En 1997, Marta Casals-Istomin lui prête l’instrument de son défunt mari, Pablo Casals, pendant un an. Un superbe Matteo Goffriller de 1733 – l’un des meilleurs luthiers pour les violoncellistes. Puis, elle a repris son ancien instrument jusqu’à sa rencontre en 2001 avec un Testore de 1690. “Un vrai coup de foudre réciproque. Au fil des années, on a appris à se découvrir. Aujourd’hui je le connais par cœur”, raconte-telle à Christian Wasselin dans une interview en 2014. Anne Gastinel aime tellement cet instrument, prêté par le Fonds instrumental français, qu’elle finit par l’acheter. Elle le nomme affectueusement « mon bel italien” et chérit son timbre particulièrement chaud et rond, caractéristique des instruments italiens à la charnière du XVIIIème siècle. “Les instrumentistes à cordes ont cette chance d’être tout le temps avec leur compagnon.

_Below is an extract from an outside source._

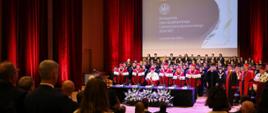 Władze uczelni i zaproszeni goście stoją. na ekranie slajd z napisem: Inauguracja roku akademickiego Uniwersytetu Rzeszowskiego 2026/2027 1 października 2026 r.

C’est un rapport vraiment particulier. Alors que les pianistes changent de “partenaire” à chaque concert, ça ne me plairait pas”, plaisante-t-elle. Mais cet amour pour le Testore n’est pas tout à fait exclusif. Elle avoue détenir un autre violoncelle, qu’elle “a fait trafiquer pour lui rajouter une cinquième corde”. Au départ, c’était pour jouer la 6ème Suite de Bach, écrite initialement pour violoncelle piccolo (à 5 cordes). Mais elle souhaite aussi passer des commandes à des compositeurs pour cet instrument original.

 

Fille de compositeur, Anne Gastinel défend le répertoire contemporain et la création

Anne Gastinel aime rappeler l’étendue du répertoire pour violoncelle au XXème siècle, et le rôle qu’a alors joué Rostropovitch dans l’engouement des compositeurs pour l’instrument. Elle-même défend volontiers des compositeurs contemporains, comme son ami Eric Tanguy dont elle a créé en 2007 le concerto In Terra Pace, ou Nicolas Bacri qui lui a confié la première exécution de ses Métamorphoses sur le nom de Benjamin Britten en 2014. Rien d’étonnant, quand on a un père lui-même compositeur. Néanmoins, lorsque Christian Wasselin lui demande si elle écoute Steve Reich, Anne Gastinel sourit : “pas tous les jours”. Avant d’enchaîner : “je crois qu’il faut être dans une disposition d’esprit particulière pour écouter [de la musique contemporaine]”.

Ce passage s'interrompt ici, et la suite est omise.